**WHAT YOU NEED TO DO:**
Starting at the line that contains "MAMELUCO RAFAEL CORREA", write out each line through the end of the data below, exactly as it stands. Skip any pictures.

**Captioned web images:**

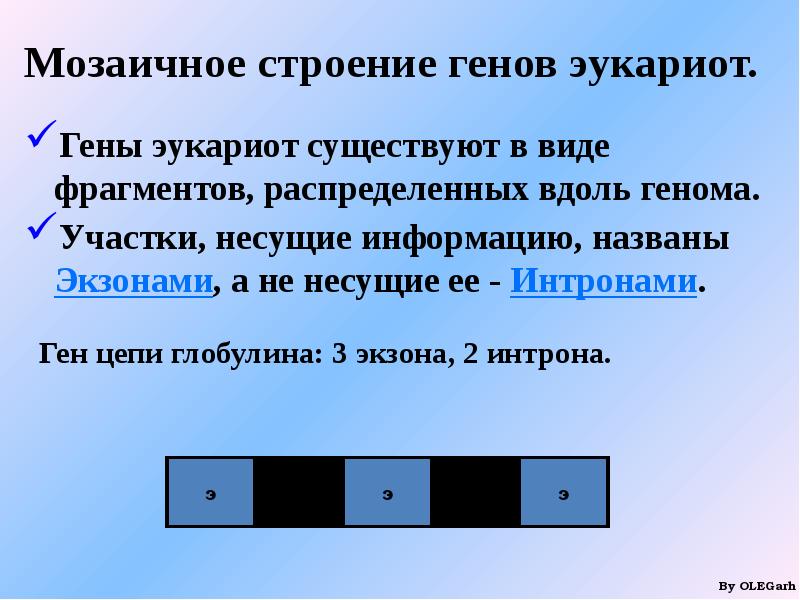 Строение генов. Мозаичное строение генов эукариот. Строение мозаичного Гена. Мозаичность структурных генов эукариот (экзоны и интроны). Теории мозаичного строения генов эукариот.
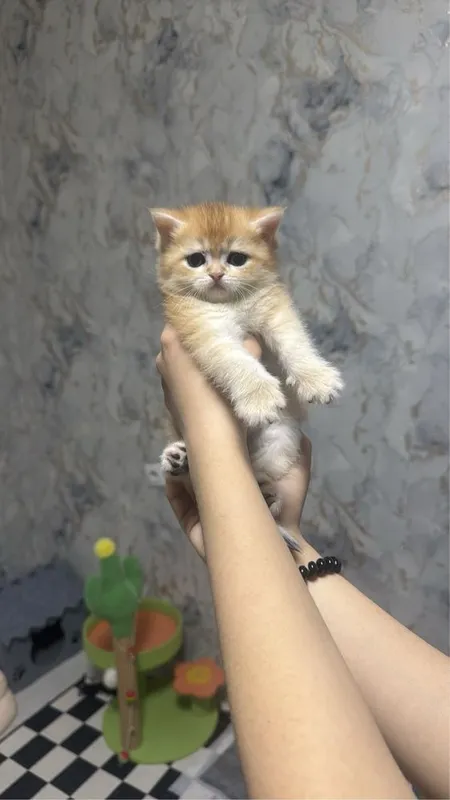 Продаётся колор поинт и золотая шиншила 250$ уе — фото 1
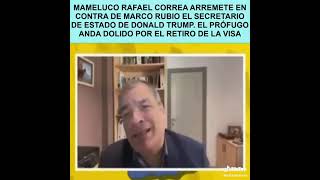 MAMELUCO RAFAEL CORREA ARREMETE EN CONTRA DE MARCO RUBIO EL SECRETARIO DE ESTADO DE DONALD TRUMP [upl. by Maril]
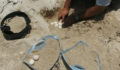 30 Turtle nest relocated- Hol Chan (Photo 4 of 4 photo(s)).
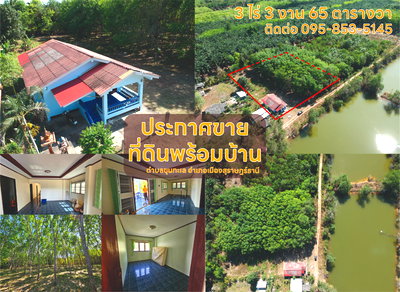 ที่ดิน สุราษฎร์ธานี : ขาย ที่ดินสวนยางพร้อมบ้าน ตำบลขุนทะเล สุราษฎร์ธานี 3 ไร่ 3 งาน 65 ตารางวา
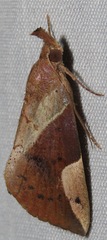 Hypena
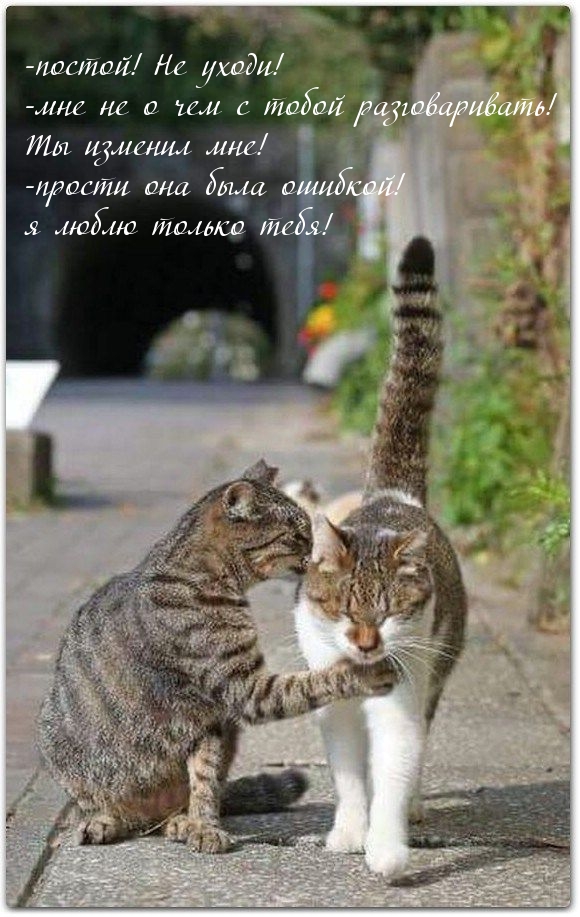-Прости она была ошибкой!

**ANSWER TO THIS EXERCISE:**
 MAMELUCO RAFAEL CORREA ARREMETE EN CONTRA DE MARCO RUBIO EL SECRETARIO DE ESTADO DE DONALD TRUMP [upl. by Maril]
 30 Turtle nest relocated- Hol Chan (Photo 4 of 4 photo(s)).
 ที่ดิน สุราษฎร์ธานี : ขาย ที่ดินสวนยางพร้อมบ้าน ตำบลขุนทะเล สุราษฎร์ธานี 3 ไร่ 3 งาน 65 ตารางวา
 Hypena
-Прости она была ошибкой!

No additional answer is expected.